Arnal­dur Indri­da­son nous pro­pose La Voix, son troi­sième roman avec le com­mis­saire islan­dais Erlen­dur : une véri­table réussite.

On a assas­siné le Père Noël. Ce n’est pas la pre­mière fois, mais ce coup-ci, la tra­gé­die est glauque. Parce que ce der­nier avait le pan­ta­lon baissé, un pré­ser­va­tif au bout du sexe, et que ça s’est passé dans les sous-sols d’un hôtel de luxe. Quand le com­mis­saire Erlen­dur et sa clique (Sigur­dur Oli et Elin­borg) débarquent, c’est toute l’histoire de l’Islande qui res­sur­git. Tel un Mai­gret dans une enquête com­pli­quée, Erlen­dur décide de s’installer sur les lieux du crime. Le Père Noël était por­tier et homme à tout faire de l’hôtel mais on venait de lui signi­fier son congé. Avant, pen­dant son enfance, il avait eu une autre vie. Son père avait fait de lui un enfant vedette. Il s’appelait Gulli, il avait une voix d’ange et, aujourd’hui, les deux seuls disques qu’il a enre­gis­trés se vendent une fortune.

Au moment de sa mort, le por­tier sem­blait la cible de toutes les atten­tions. Un tou­riste détra­qué sexuel et une sœur per­due de longue date après une hor­rible tra­gé­die s’intéressent for­te­ment à une caisse de disques dis­pa­rue.
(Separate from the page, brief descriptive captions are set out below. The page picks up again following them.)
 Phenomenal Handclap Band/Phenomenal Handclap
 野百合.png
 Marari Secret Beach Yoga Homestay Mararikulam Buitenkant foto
Erlin­dur s’imprègne de l’atmosphère de l’endroit et essaie de se mettre à la place du mort. Noël approche. Pour la pre­mière fois depuis des lustres, Erlen­dur est amou­reux. Elle pré­lève de l’ADN, est sen­sible au passé d’Erlendur, et ce qui est plus sur­pre­nant encore, Erlen­dur s’entend se confier et racon­ter. Pen­dant ce temps, Eva Lind, sa fille qu’il a du mal à com­prendre et qui ne s’est pas sui­ci­dée après le décès de son enfant mort-né, vient le visi­ter. Elle essaie de se sor­tir de la drogue. Elle aime son père, mais n’arrive pas à l’exprimer. Pire encore, elle ne s’aime pas, mais elle aidera du mieux qu’elle le peut son père, ce com­mis­saire aux méthodes aussi aty­piques que désordonnées.
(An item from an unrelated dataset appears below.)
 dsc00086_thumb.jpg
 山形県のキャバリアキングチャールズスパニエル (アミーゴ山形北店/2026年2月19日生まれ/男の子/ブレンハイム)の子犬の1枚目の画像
La Voix est le troi­sième volet des aven­tures du com­mis­saire Erlen­dur. Ce nou­veau roman d’Arnaldur Indri­da­son est stu­pé­fiant et confirme le génie de cet auteur qui ne cesse de se boni­fier. Indri­da­son est lié à l’Islande et à son passé. Il ne cesse, à la fois, de raf­fer­mir ce lien et de le por­ter à la vue de tous ses lec­teurs. Depuis La Cité des Jarres, en 2005, les trau­ma­tismes de l’île sont les nôtres. La nos­tal­gie et la tris­tesse qui se dégagent de ses écrits sont comme une douce drogue. Les rela­tions père/enfant (entre Gulli, por­teur des rêves de son père, et Eva Lind aban­don­née par le sien et qui ne se prive pas de le lui faire payer au prix fort) sont décrites avec tout ce qu’un auteur peut mettre d’humain et de tra­gique. Avec La Voix, même si on est en plein hiver puisqu’à la veille de Noël, pour la pre­mière fois, la neige n’apparaît pas réel­le­ment. Pas de tem­pête dans laquelle le voya­geur soli­taire se perd, sauf celle d’une voix, pure, cris­tal­line, d’un ange devenu un moins que rien.
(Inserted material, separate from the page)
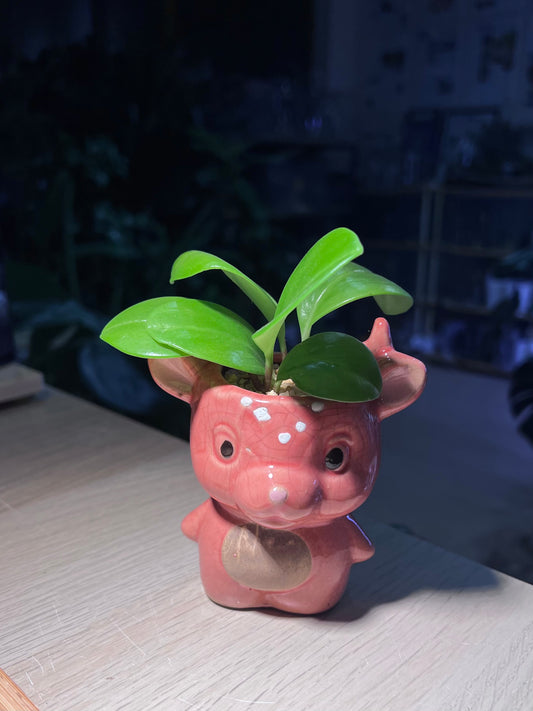 Peperomia in Bear Pot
Il faut lire l’œuvre d’Arnaldur Indri­da­son. Il faut lire ses romans avec Erlen­dur. Mais sur­tout, il faut pou­voir appré­cier la mon­tée en puis­sance qui s’en dégage. La Cité des Jarres était un livre mer­veilleux qui sur­pre­nait un lec­teur qui ne pou­vait pas être averti. La Femme en vert était bien plus que le roman de la confir­ma­tion. La Voix est la nou­velle pierre qu’Arnaldur Indri­da­son pose à sa fresque humaine islan­daise. Cela le place entre Bal­zac et Simenon.

julien védrenne

   
 

Arnal­dur Indri­da­son, La Voix (tra­duit de l’islandais par Eric Boury), Métai­lié, février 2007, 336 p. — 18,00 €.